While electric vehicles can have their driving range reduced in extreme temperatures (but not always), Proton Onsite hasn't seen that happen in the Polar Vortex. They're performing flawlessly in freezing temperatures even with the heaters blasting, and are continuing to hit their range of about 300 miles, Schiller said.
Air Products, based on Allentown, PA, has had a similar experience. The FCHV-adv has had great performance under harsh conditions, according to Nick Mittica, commercial manager, hydrogen energy systems. Employees drove the fuel cell vehicle during one of Pennsylvania's worst winters in recent memory and, you guessed it, "No problem."
Toyota says that has put its fuel cell fleet through the wringer, logging millions of miles over the last decade, to make sure performance can be delivered within extreme weather conditions. Toyota engineers spent weeks testing cold weather start up, performance and durability up in Yellowknife, Canada. Temperature can reach -30 degrees Celsius (-22 degrees Fahrenheit) at that location. On other end of the scale, Toyota was able to verify that its FCVs can handle driving through heat in Death Valley national park. We heard the same from Mercedes the other day, too. Extreme weather functionality is apparently something automakers want to make absolutely sure the public doesn't worry about.
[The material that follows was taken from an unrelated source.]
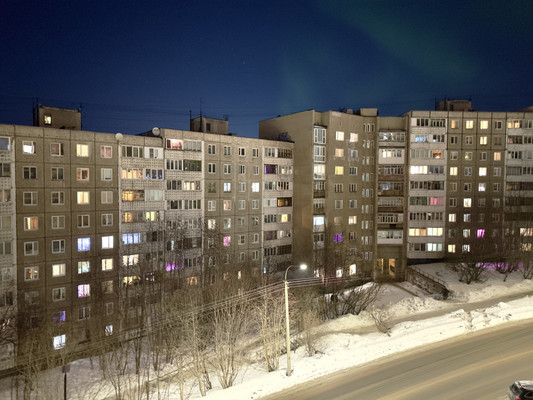 Продам двухкомнатную (2-комн.) квартиру, Беринга ул, 11, Мурманск г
Jan. 30, 2014 – Record low temperatures have stranded many East Coast drivers, but not those driving a Toyota fuel cell hybrid vehicle. Connecticut-based Proton Onsite, which operates a fleet of ten Toyota FCHV-adv fuel cell vehicles, says that even in single digit temperatures, the FCHV-adv shows no signs of frostbite.
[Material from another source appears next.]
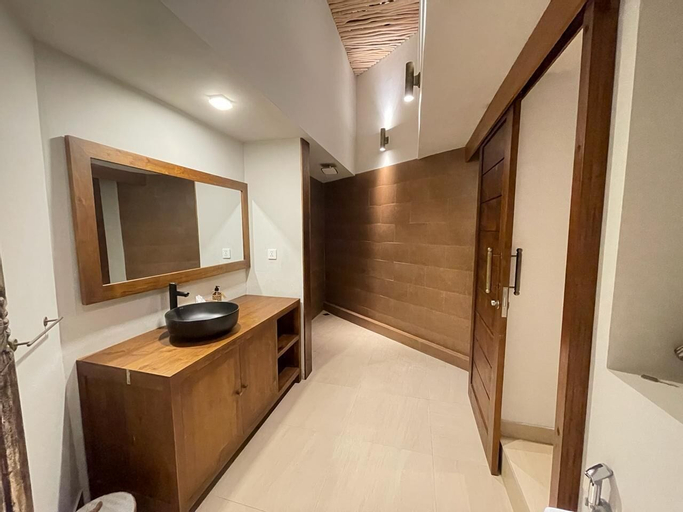 Bathroom 19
"We had another snow storm Tuesday night and this morning the temperature was 3 degrees," says Mark Schiller, Proton vice president of business development. "I went out to my Toyota FCHV-adv and brushed off a foot of snow before starting the car right up. No problem."
Unlike pure battery electric vehicles that can see reductions in driving range in extreme temperatures, fuel cell vehicles' performance stands up to freezing temperatures. "I continue to get range of about 300 miles despite the cold and blasting the heater," says Schiller. "The vehicle performed flawlessly."
Air Products in Allentown tells the same story.
"Our employees have driven it to community and business-related events during one of Pennsylvania's worst winters in recent memory," says Nick Mittica, Air Products' commercial manager, hydrogen energy systems. "The FCHV-adv has had great performance."
That performance is by design. Over the last decade, the Toyota fuel cell fleet has logged millions of miles in some of the most extreme climates on the planet. In Yellowknife, Canada, where temperatures reach -30 degrees Celsius, fuel cell engineers spent weeks verifying cold weather start up, performance and durability. In Death Valley, they verified that it also can beat the heat.
Wherever they go, Toyota engineers are working to ensure the fuel cell vehicle can handle whatever is thrown-or blown-its way. So when it hits the road in 2015, cold-weather customers can chill out about everything but bundling up!